Line by line, set down all the data below exactly, omitting any picture.
::: Data
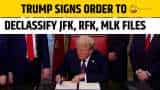 President Donald Trump signs Executive Order to declassify JFK, RFK, and MLK Jr. assassination files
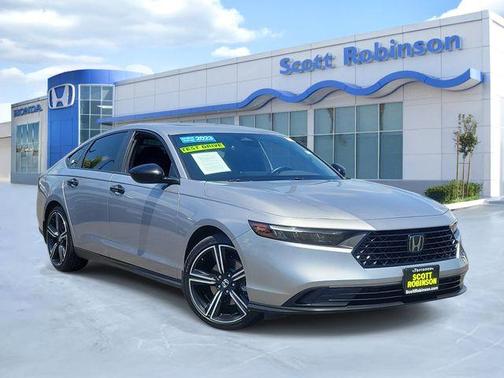 Lunar Silver Metallic 2023 Honda Accord Hybrid Sport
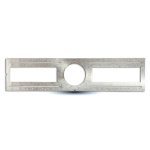 PLAQUE DE PRÉ-MONTAGE 26 PO - TROU DE 4 -5 PO POUR LUMINAIRE LED ENCASTRÉ COMPATIBLE AVEC SLIM4-5CCT ET SLIM4FR-5CCT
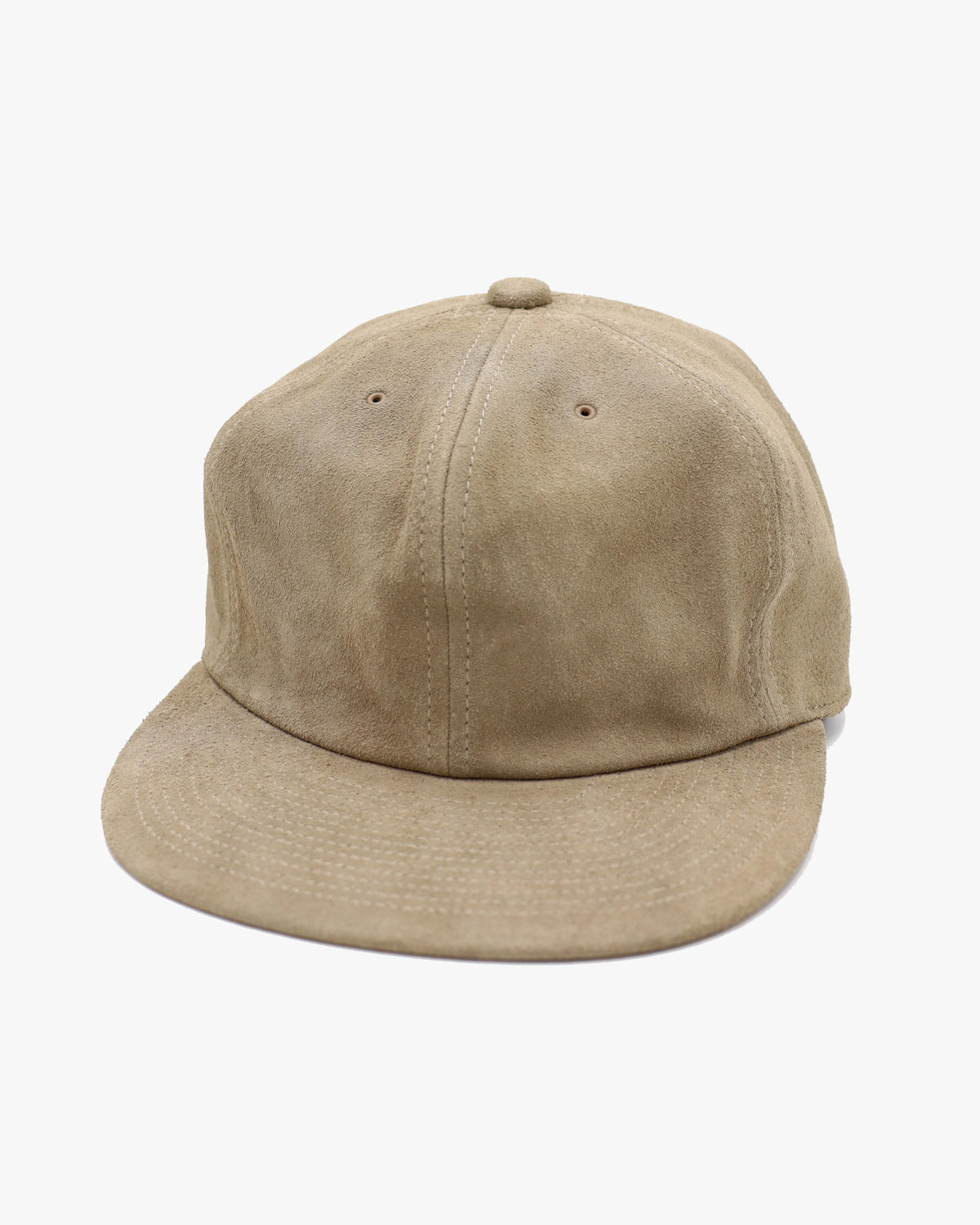 Poten 80's Vintage Brushed Suede Cap - Beige
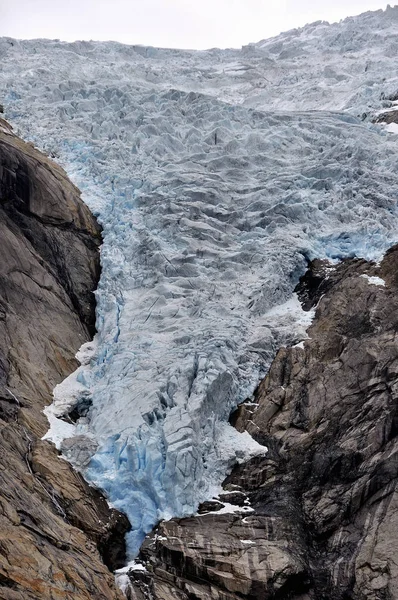 Línguas Geleira Jostedal Norway — Fotografia de Stock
::::::
-- Expected answer --
 President Donald Trump signs Executive Order to declassify JFK, RFK, and MLK Jr. assassination files
 Lunar Silver Metallic 2023 Honda Accord Hybrid Sport
 PLAQUE DE PRÉ-MONTAGE 26 PO - TROU DE 4 -5 PO POUR LUMINAIRE LED ENCASTRÉ COMPATIBLE AVEC SLIM4-5CCT ET SLIM4FR-5CCT
 Poten 80's Vintage Brushed Suede Cap - Beige
 Línguas Geleira Jostedal Norway — Fotografia de Stock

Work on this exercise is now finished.